Why does America suck at nation buillding?
Why do we suck at nation-building? A lot of reasons. Here are just a few: (1) We are ignorant. We do not know enough about the cultural, political and social contexts of foreign environments to fully appreciate how our interventions will affect those environments. Thus our aid and development spending (and military operations, to be fair), meant to ameliorate drivers of conflict, often exacerbate them. (2) We do not provide enough oversight and accountability for the projects we initiate. This is boring but important. We have spent ungodly sums of money in both Iraq and Afghanistan and have not provided enough contracting officers to effectively oversee the money we have spent.
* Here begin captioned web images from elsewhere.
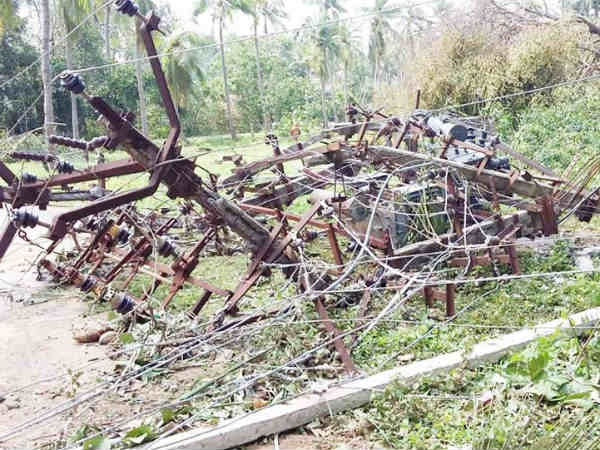 Gaja Storm: No electricity for last two days in Trichy surroundings Gaja Storm: No electricity for last two days in Trichy surroundings
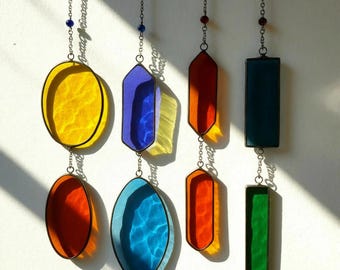 Móvil de vitrales moderno: atrapasol colorido estilo art déco, decoración contemporánea para ventanas.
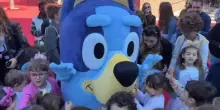La cagnolina Bluey sul red carpet con i bambini a Roma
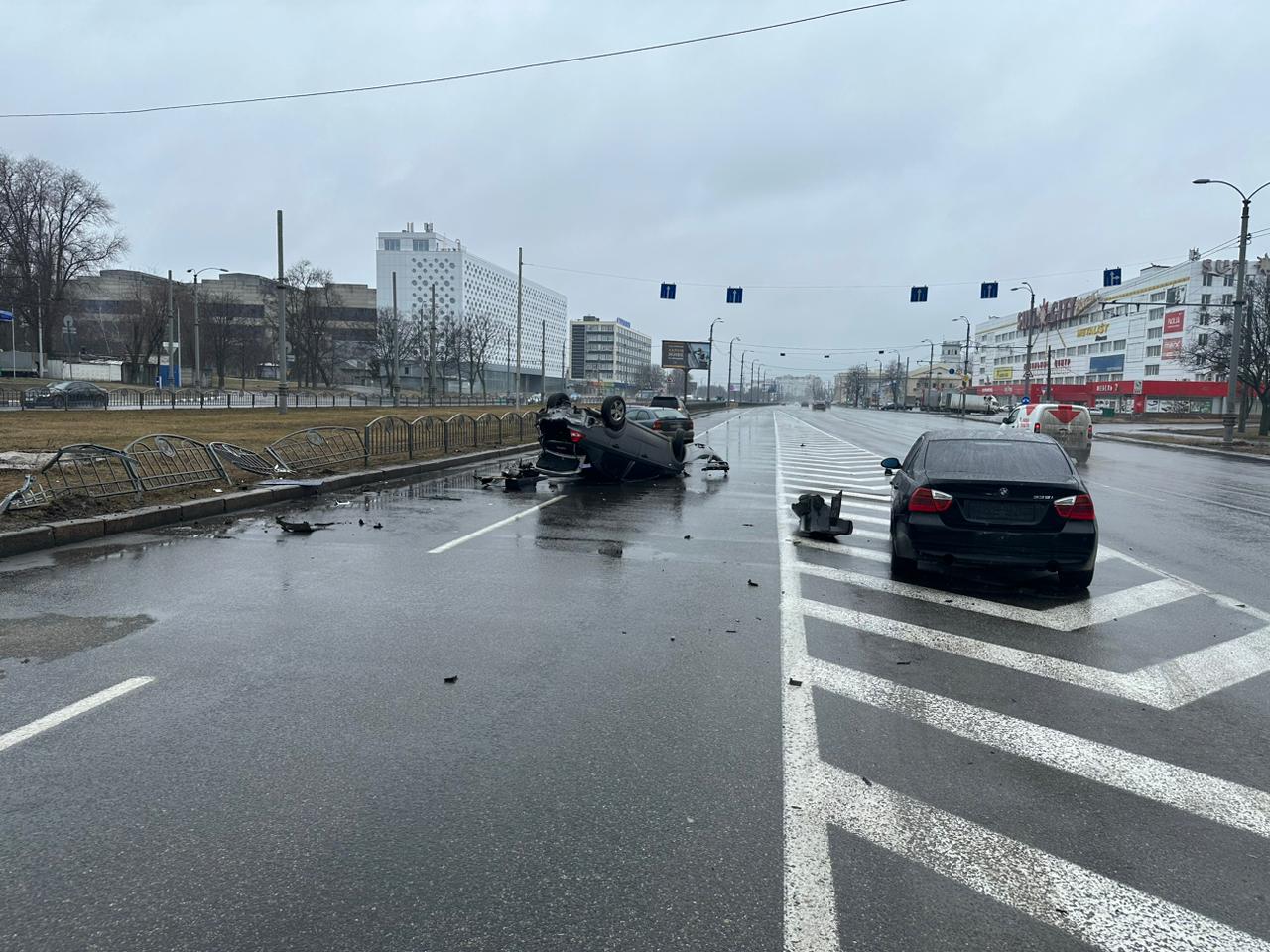 ДТП в Харькове: авто перевернулось на крышу 2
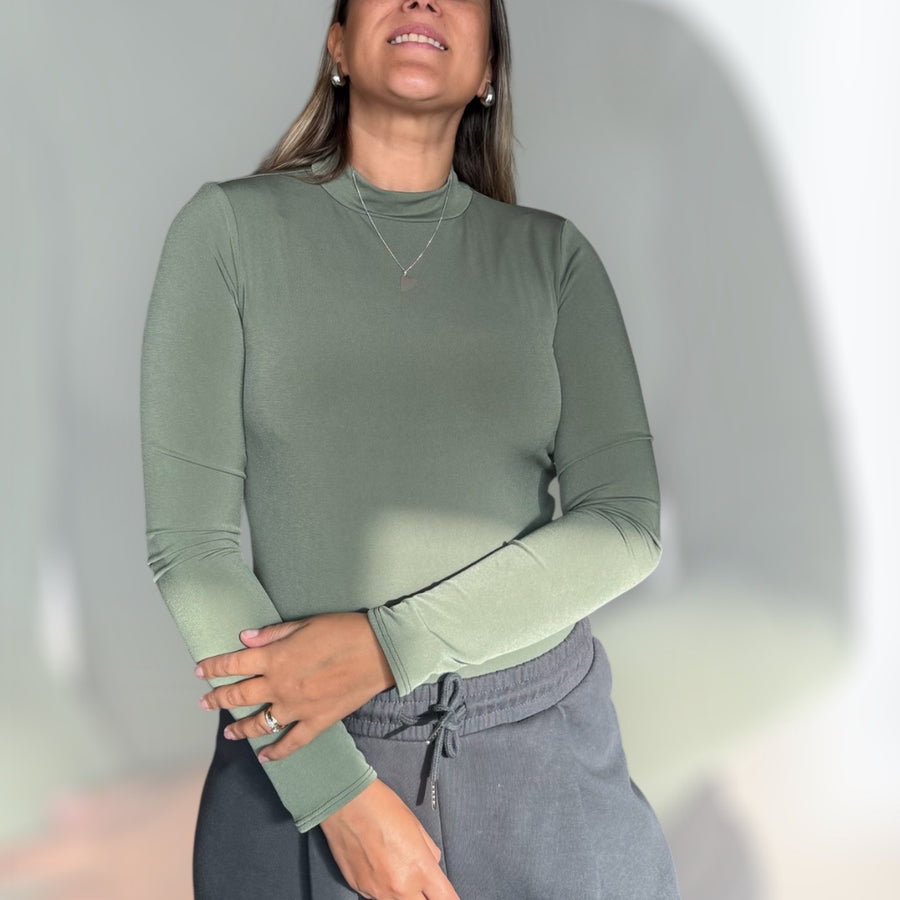 Polera Astuta verde oliva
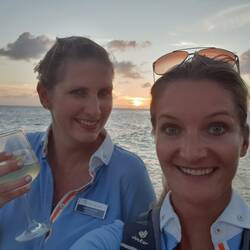 Auf diesen Sonnenuntergang müssen wir direkt anstoßen. 😁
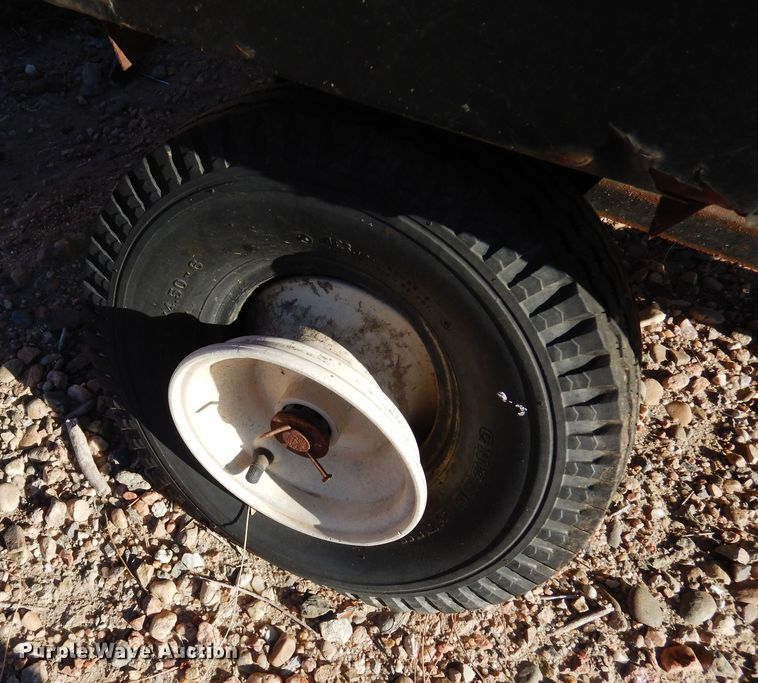 image for item MR9654 New Holland GT95  lawn mower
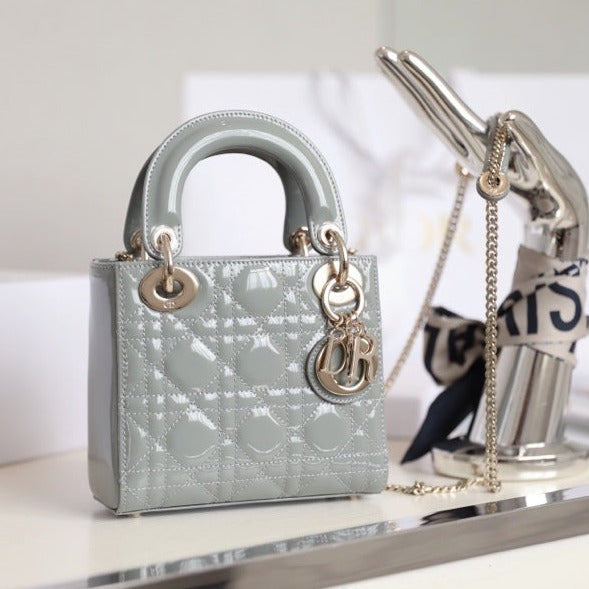 LADY 17 IN GRIGIO CON MOTIVO CANNAGE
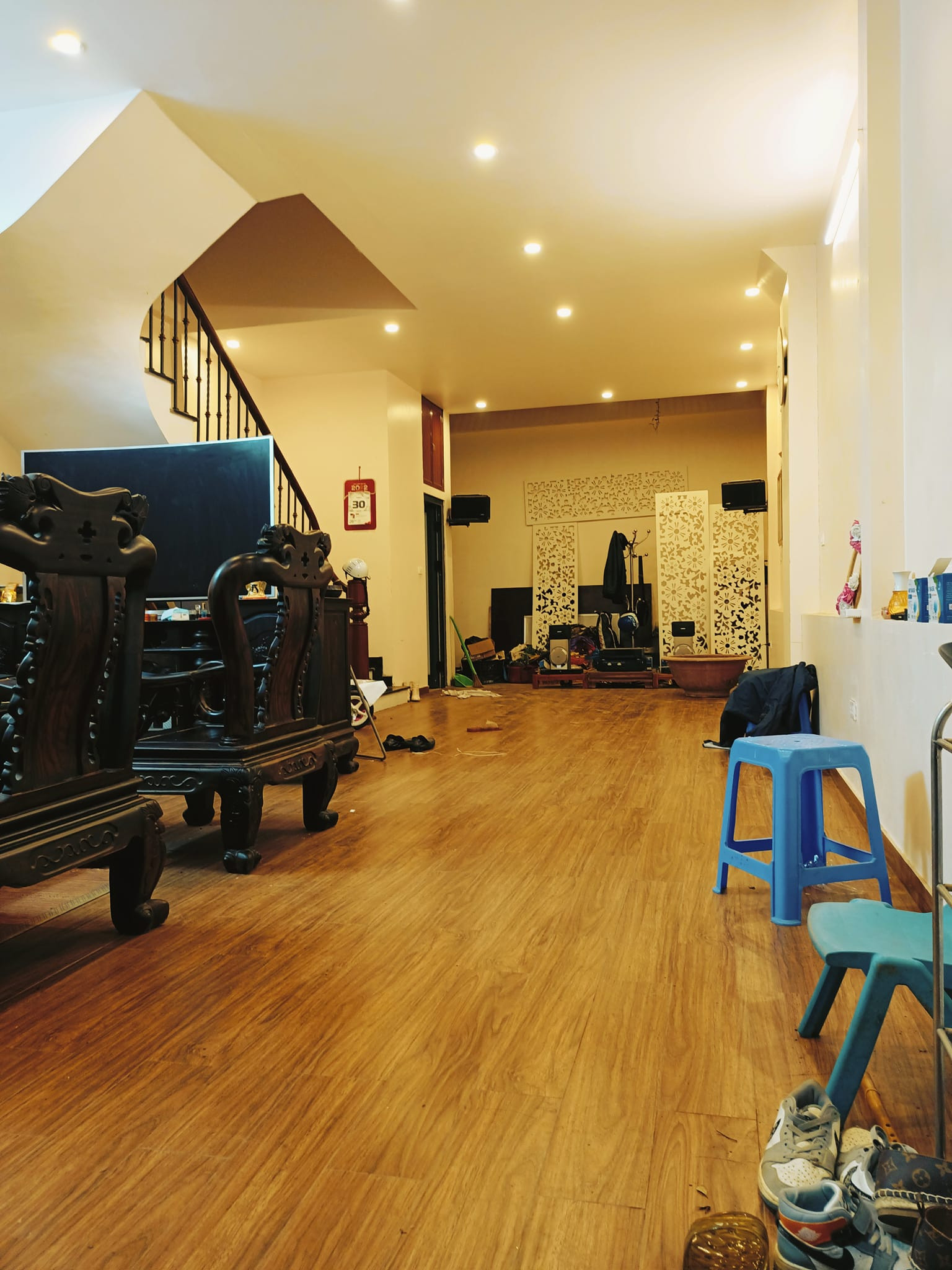 Bán Gấp Nhà Bùi Xương Trạch - Thanh Xuân DT 78m, 4Tầng, MT 5m, Giá 8.5 tỷ. Liên Hệ: Mr Dũng 0983833999.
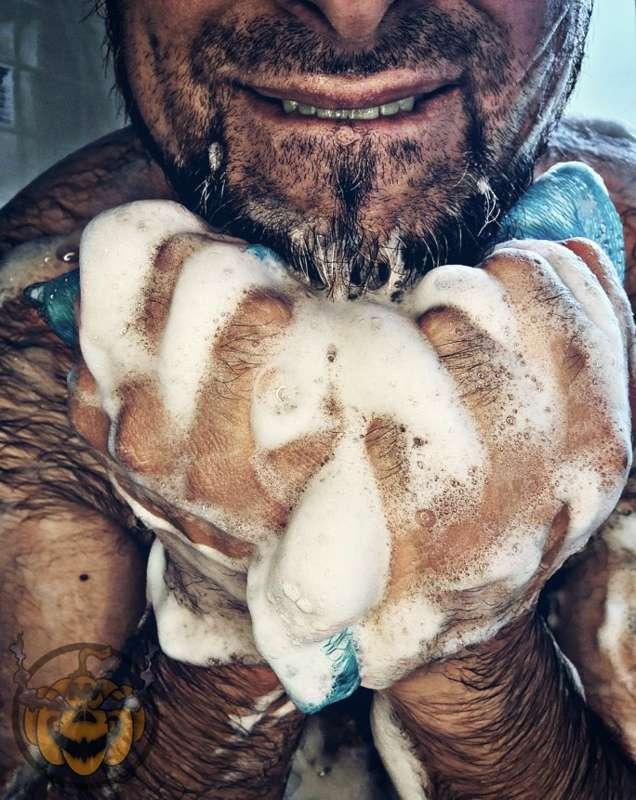 Shower time shenanigans 
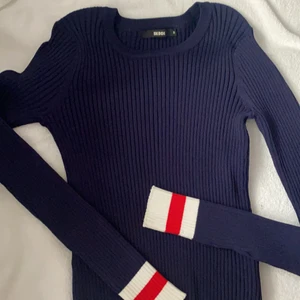 Bikbok tröja strl M - Aldrig använd tröja från BikBok. Strl M. Ser väldigt liten ut men är extreeemt stretchig (se bild 3) så passar nog flera olika storlekar. Köparen står för frakten. 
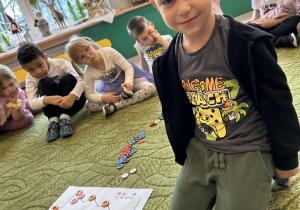 Chłopiec pokazuje choinkę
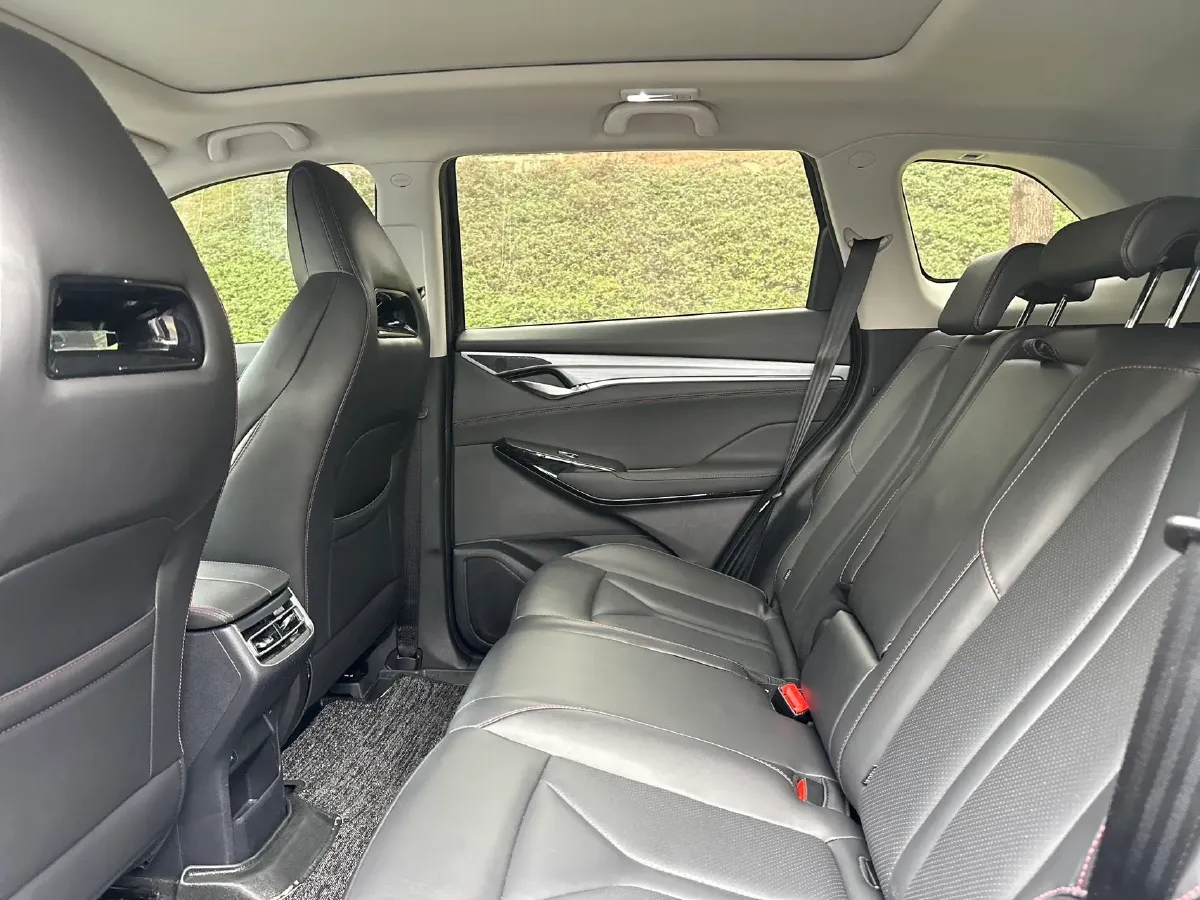 2022 ChangAn CS75 Plus 2.0T 233HP L4 8AT,autocango,china used car exporter,china ev exporter,chinese used car exporter,chinese used ev exporter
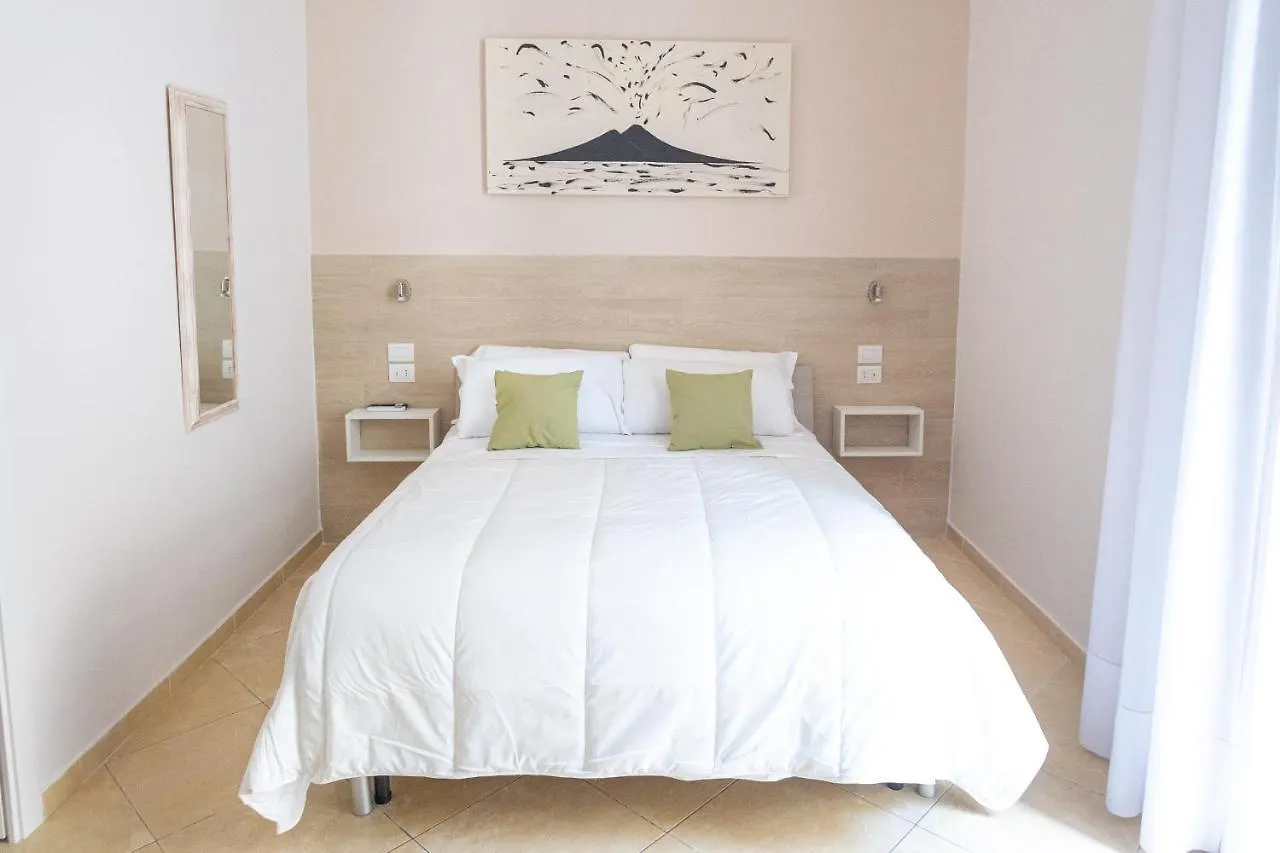 Leone Suites Toledo Naples Couette-café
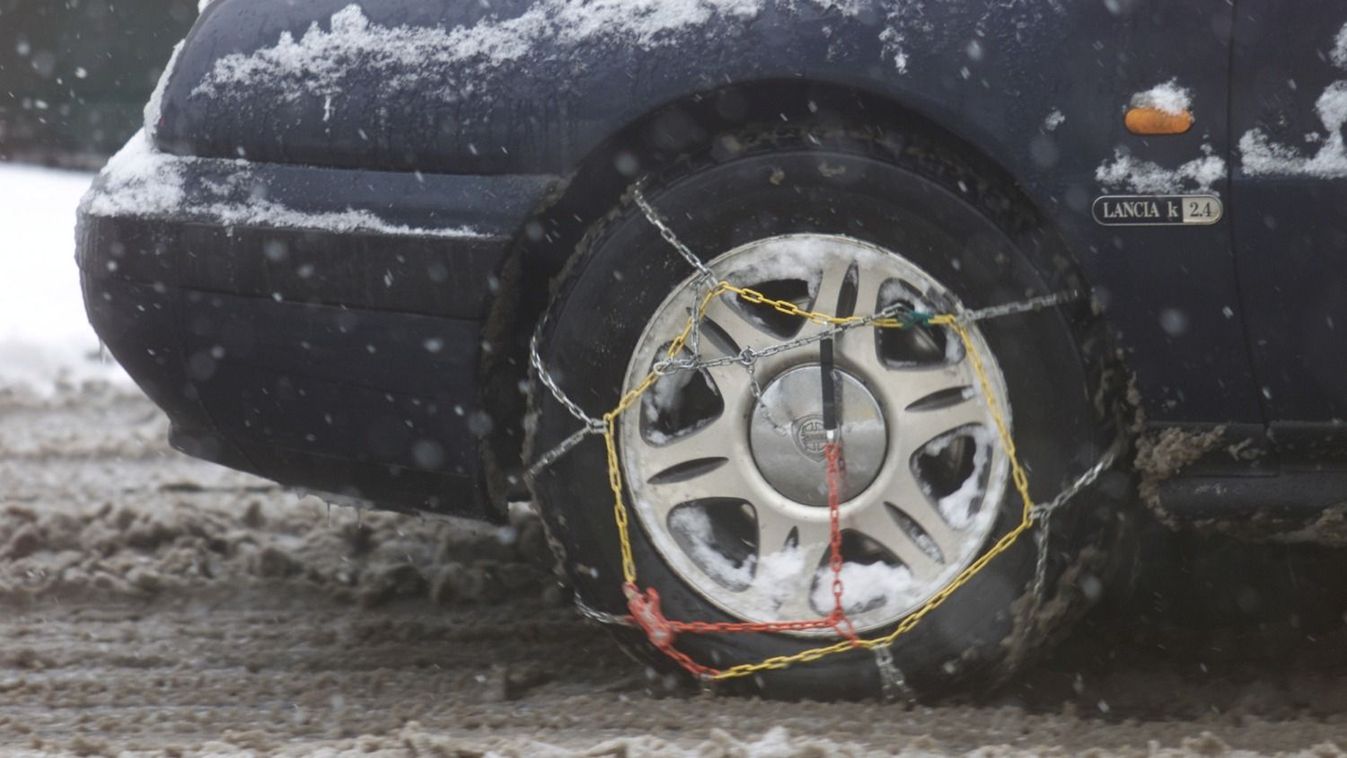 A legfontosabb talán ilyenkor a téli gumiabroncsok használata, hiszen 7 °C alatt a nyári gumik tapadása jelentősen romlik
How do we just give tens of millions of dollars to agencies and departments in the governments of Iraq and Afghanistan without any oversight? Lack of contracting officers. How are contracts in Afghanistan divided up between shady sub-contractors and sub-sub-contractors, with tax-payer money falling into the hands of the Taliban and warlords? Lack of contracting officers. (3) We do not have any patience -- and we have limited resources. Nation-building takes time. Where we can nation-build at relatively low-cost over an extended period of time, as in Colombia, we can be successful. But asking Americans to spend massive amounts of money for an extended period of time in Iraq or Afghanistan is a recipe for ... turning your average U.S. tax-payer into an isolationist. - Andrew Exum
I think this is correct, but also incomplete. Another reason the U.S. "sucks" at nation building is the way it fights its wars. Consider the two cases that are unambiguous nation building successes - Germany and Japan. What do they have in common? The U.S. and its allies subjected both countries to an unimaginable (by today's standards) level of death and destruction. It wasn't simply that both Axis powers suffered massive battlefield losses, depriving the country of most of its fighting-aged men (though that obviously helped) - the Allies also succeeded in killing millions of civilians and related infrastructure. Japan had two atomic bombs dropped on it and suffered comparable levels of destruction through fire bombing. Germany, likewise, saw many major cities leveled.
Suffice it to say, it's a lot easier to "build" a nation that has lost most of its young male population, has almost no industrial infrastructure and has suffered significant civilian casualties. The U.S. also had the luxury of fighting and defeating coherent states - not national insurgencies. Thus, hostilities ended when the states surrendered and institution building could proceed apace. In America's contemporary circumstances, we're trying to "nation build" under fire.